Управитель так и вскинулся.
– Эт-то кто? – закричал он. – Сыскать тотчас! Розог ему! Голову обрить с работы долой!
Приказчики заметались в толпе, разыскивая виноватого. Рабочие топтались на месте, перешептывались.
Аким испуганно оглядывался – человека с деревяшкой нигде не видно было.
Управитель нахмурился, о чем-то поговорил с Беспаловым и махнул рукой.
– Сказываю, для вашего же береженья то. Известно ноне сделалось, что под Оренбургом многие шайки злодейской сволочи скопляются и разъезжают оттуда и делают разные разглашения под именем покойного императора Петра Третьего. А сей, именующий себя императором, не кто иной есть, как государственный злодей и изверг естества, беглый казак Емелька Пугачев. И сей гнусный варвар, Емелька, пускает в народ вредные письма и возмутительные листы наподобие якобы царских указов, в коих обманно и вполне облыжно возвещает разные немысленные вольности. Крепостным людям волю сулит, чему никак быть невозможно, а также землю и прочее неподобное. А куда явится, всяческие разоренья чинит, не меньше и смертные убийства и грабежи. На поимку сего государственного злодея и вора, Емельки Пугачева, государыня императрица многие войска послала, чтобы его изловить и лютой смертью казнить. И на наш горный завод для береженья от злодеев тоже отряд в скорости прийти должен. А кои злодейских прельщений слушать станут, то все будут нещадно казнены и повешены. Поняли?
Рабочие угрюмо молчали.
– Семен Ананьевич, – заговорил сладким голосом старший приказчик.
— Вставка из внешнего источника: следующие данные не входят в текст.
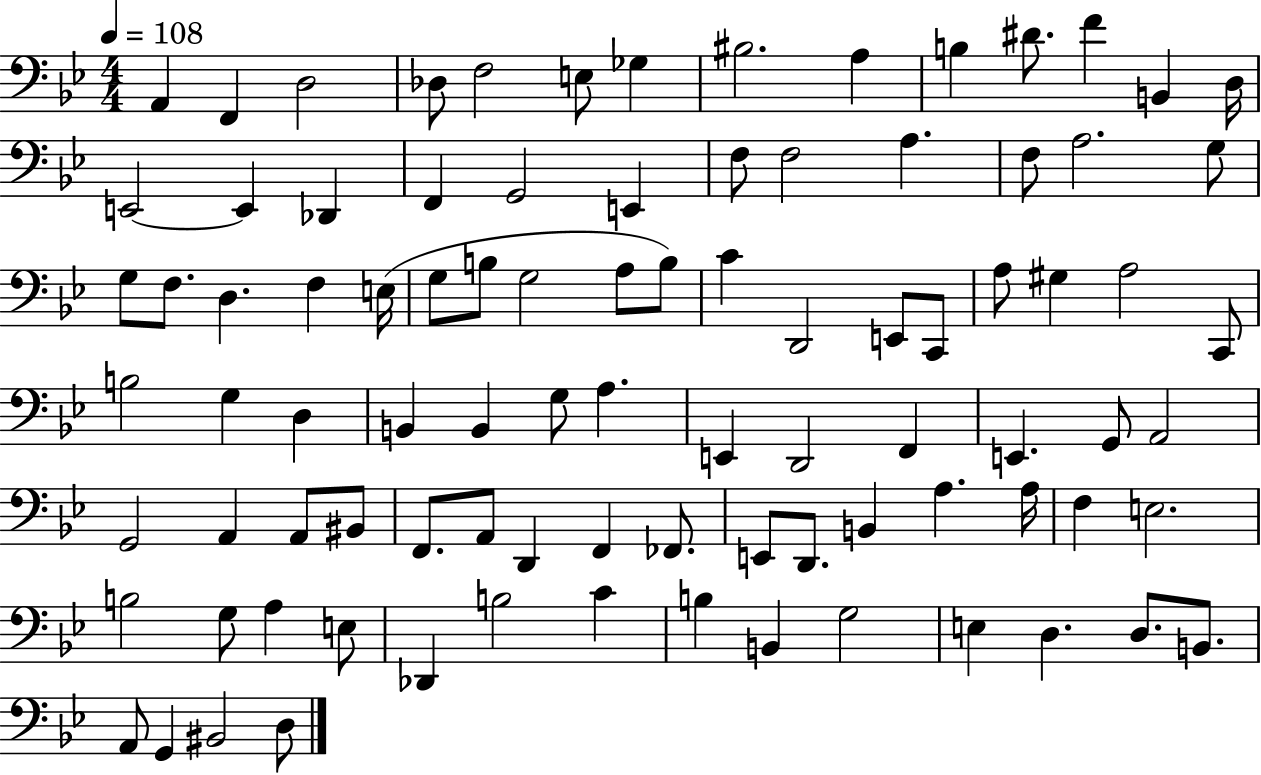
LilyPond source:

{
  \clef bass
  \numericTimeSignature
  \time 4/4
  \key bes \major
  \tempo 4 = 108
  a,4 f,4 d2 | des8 f2 e8 ges4 | bis2. a4 | b4 dis'8. f'4 b,4 d16 | \break e,2~~ e,4 des,4 | f,4 g,2 e,4 | f8 f2 a4. | f8 a2. g8 | \break g8 f8. d4. f4 e16( | g8 b8 g2 a8 b8) | c'4 d,2 e,8 c,8 | a8 gis4 a2 c,8 | \break b2 g4 d4 | b,4 b,4 g8 a4. | e,4 d,2 f,4 | e,4. g,8 a,2 | \break g,2 a,4 a,8 bis,8 | f,8. a,8 d,4 f,4 fes,8. | e,8 d,8. b,4 a4. a16 | f4 e2. | \break b2 g8 a4 e8 | des,4 b2 c'4 | b4 b,4 g2 | e4 d4. d8. b,8. | \break a,8 g,4 bis,2 d8 | \bar "|."
}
Аким поднял голову. Сизое лицо точно подмигивало рабочим. Гладкой стороной Беспалов повернулся к управителю.
– Дозвольте мне, Семен Ананьевич, прочитать им письмо. От богульшанского батюшки вчерашний день получил. Кум он мне. Про те же богомерзкие злодеяния он пишет.
Управитель молча кивнул.
Беспалов вынул из-за пазухи листок бумаги, развернул и стал читать, с трудом разбирая мелкий почерк.
«Достолюбезный кум, Петр Ефимович, во первых строках приношу я вам… нижайшую благодарность… за гусыню, коя…»
По толпе прошел смешок.
Управитель оглянулся.
– Ты про дело читай, Петр, – хмуро сказал он.
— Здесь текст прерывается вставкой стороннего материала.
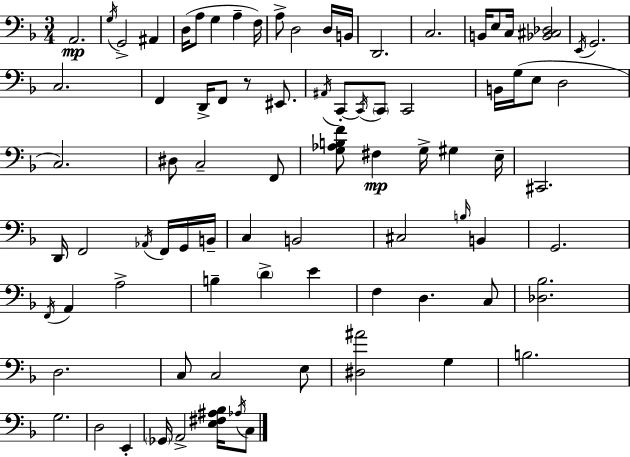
A2/h. G3/s G2/h A#2/q D3/s A3/e G3/q A3/q F3/s A3/e D3/h D3/s B2/s D2/h. C3/h. B2/s E3/e C3/s [Bb2,C#3,Db3]/h E2/s G2/h. C3/h. F2/q D2/s F2/e R/e EIS2/e. A#2/s C2/e C2/s C2/e C2/h B2/s G3/s E3/e D3/h C3/h. D#3/e C3/h F2/e [G3,Ab3,B3,F4]/e F#3/q G3/s G#3/q E3/s C#2/h. D2/s F2/h Ab2/s F2/s G2/s B2/s C3/q B2/h C#3/h B3/s B2/q G2/h. F2/s A2/q A3/h B3/q D4/q E4/q F3/q D3/q. C3/e [Db3,Bb3]/h. D3/h. C3/e C3/h E3/e [D#3,A#4]/h G3/q B3/h. G3/h. D3/h E2/q Gb2/s A2/h [E3,F#3,A#3,Bb3]/s Ab3/s C3/e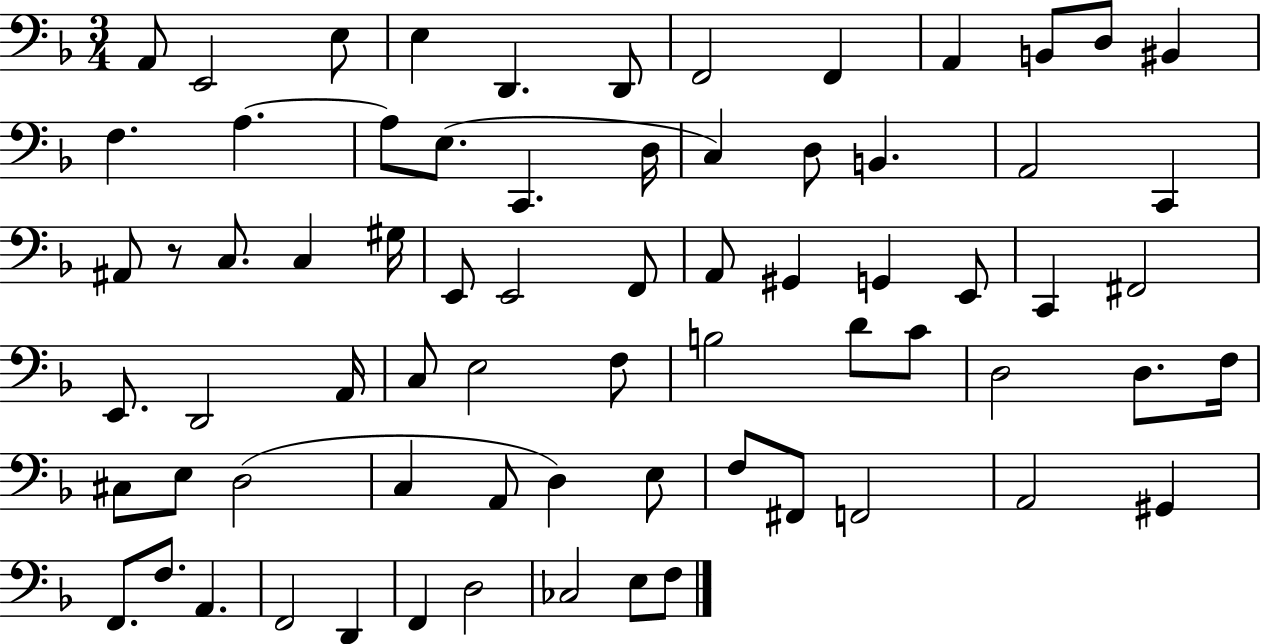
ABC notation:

X:1
T:Untitled
M:3/4
L:1/4
K:F
A,,/2 E,,2 E,/2 E, D,, D,,/2 F,,2 F,, A,, B,,/2 D,/2 ^B,, F, A, A,/2 E,/2 C,, D,/4 C, D,/2 B,, A,,2 C,, ^A,,/2 z/2 C,/2 C, ^G,/4 E,,/2 E,,2 F,,/2 A,,/2 ^G,, G,, E,,/2 C,, ^F,,2 E,,/2 D,,2 A,,/4 C,/2 E,2 F,/2 B,2 D/2 C/2 D,2 D,/2 F,/4 ^C,/2 E,/2 D,2 C, A,,/2 D, E,/2 F,/2 ^F,,/2 F,,2 A,,2 ^G,, F,,/2 F,/2 A,, F,,2 D,, F,, D,2 _C,2 E,/2 F,/2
– Сейчас, сейчас я, – заторопился Беспалов:
«… и матушка…» – Вот оно: «а что слух пошел, будто на Яике император Петр III объявился, то это одни лишь смешного достойные бредни, чему никоим образом статься не можно, да и помыслить ужасно, чтобы покойному императору Петру III прежде чаемого общего воскрешения из мертвых одному воскреснуть…» – Слышите, ребята, – обратился Беспалов к рабочим, – что говорит духовный отец? «А сия гнусная чучела, назвавшись таким ужасным по России именем, наподобие якобы воскрес из мертвых…»
– Попы отпели, а кого – не доглядели, – вдруг прервал его прежний смешливый голос.
– Опять! – крикнул управитель. – Сыскать прельстителя!.. Все ворота на запор. Поймать и ко мне доставить для строжайшего допросу. Пушки на башнях осмотреть. Кто ослушным явится, прежестокой поркой пороть. А теперь все на работу ступайте!
Рабочие медленно расходились по мастерским.
Глава шестая
Раньше Аким, наверно, испугался бы и еще больше притих, чтобы не попасть на глаза приказчику, а теперь, после вчерашнего, в нем поднялась злоба.
«Стало быть, правда, – думал он, – царь-то объявился. Управитель-то, ведомо, злится. Емелькой царя ругает. Видел же его Иван, говорит – Петр Федорович, сам…»
– Ты чего на людей натыкаешься, дьячок? Чуть с ног не сбил.
Аким поднял голову. Перед ним стоял громадный черноволосый вертельщик, по прозвищу Цыган.
– Слыхал управителя-то, Ферапонт? – заговорил Аким непривычно громко и сердито. – Ишь, что выдумал – беглый казак! Вот погоди, придет Петр Федорович, он ему покажет, как нас со скотиной равнять. Всем волю даст.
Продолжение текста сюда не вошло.